TASK TO CARRY OUT:
From the first line to the last, repeat the data exactly but leave out the pictures.
═══ INFORMATION PROVIDED ═══
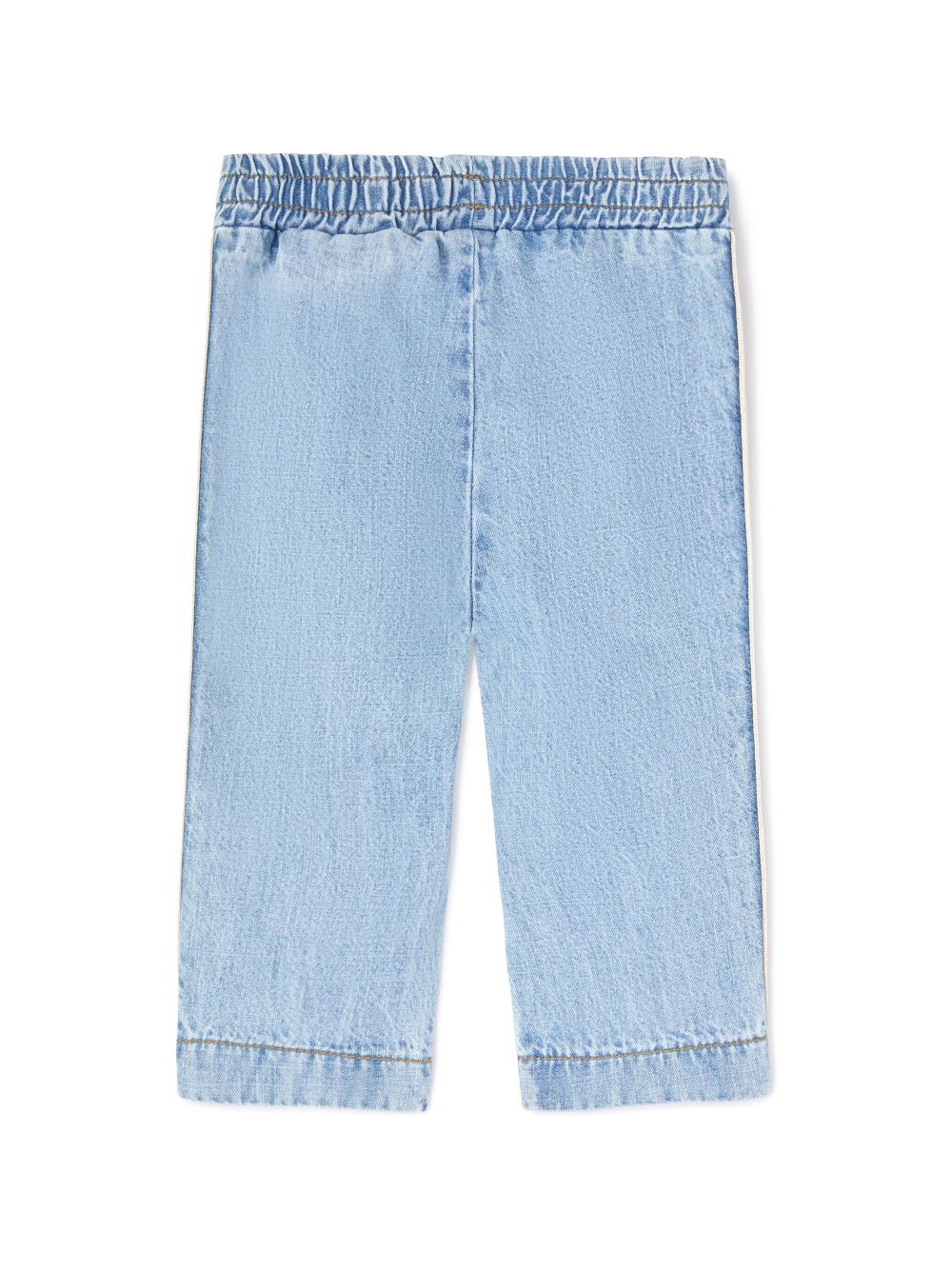 Palm Angels Kids printed jeans - Blue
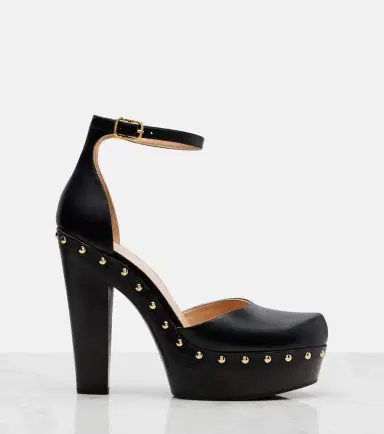 Chloé Chloé Lola studded leather platform pumps | Thumbnail 4
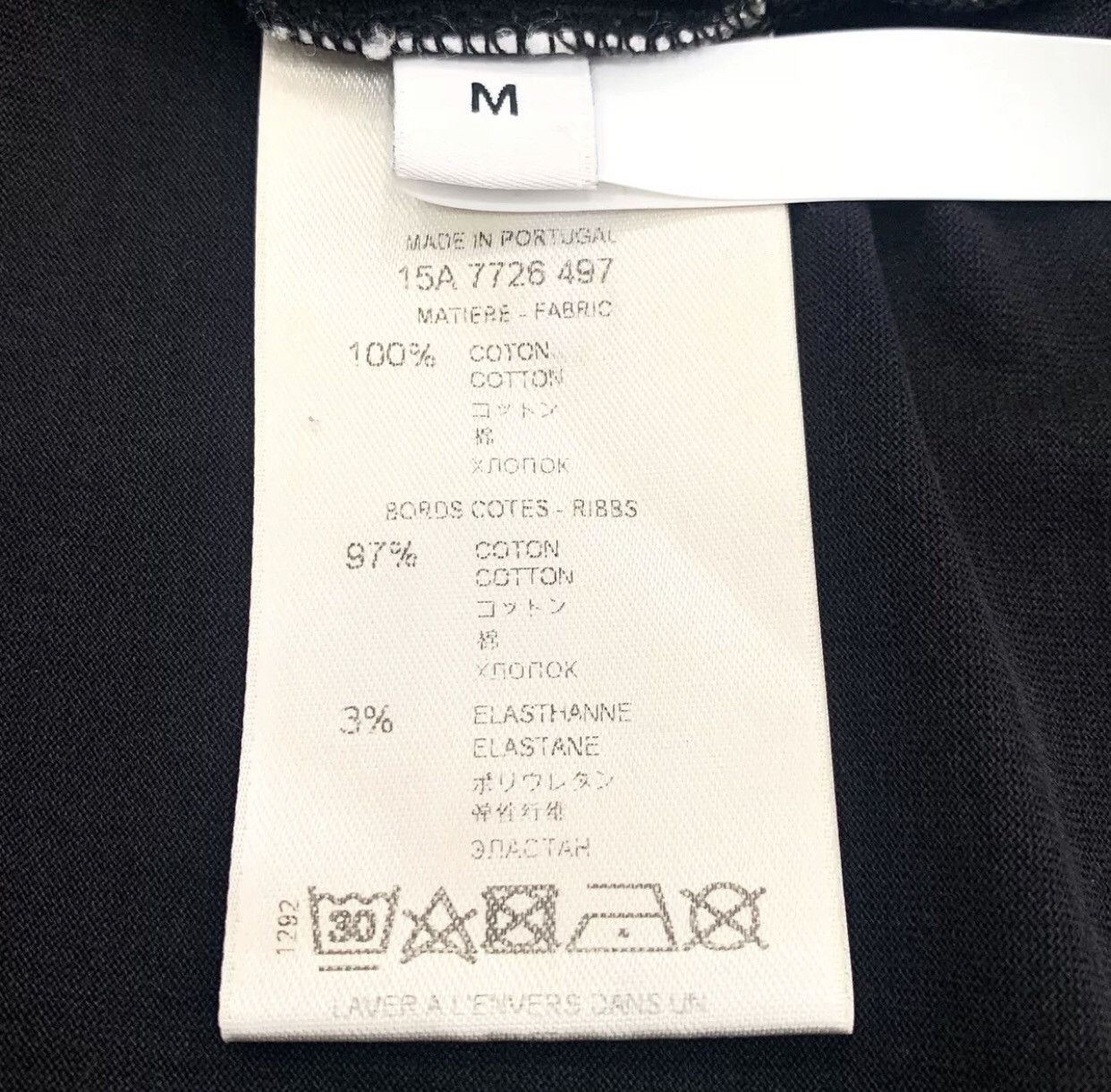 Givenchy Givenchy black logo deer print cotton short sleeved T-shirt Size US M / EU 48-50 / 2 - 8 Thumbnail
═══
SOLUTION BELOW:
 Palm Angels Kids printed jeans - Blue
 Chloé Chloé Lola studded leather platform pumps | Thumbnail 4
 Givenchy Givenchy black logo deer print cotton short sleeved T-shirt Size US M / EU 48-50 / 2 - 8 Thumbnail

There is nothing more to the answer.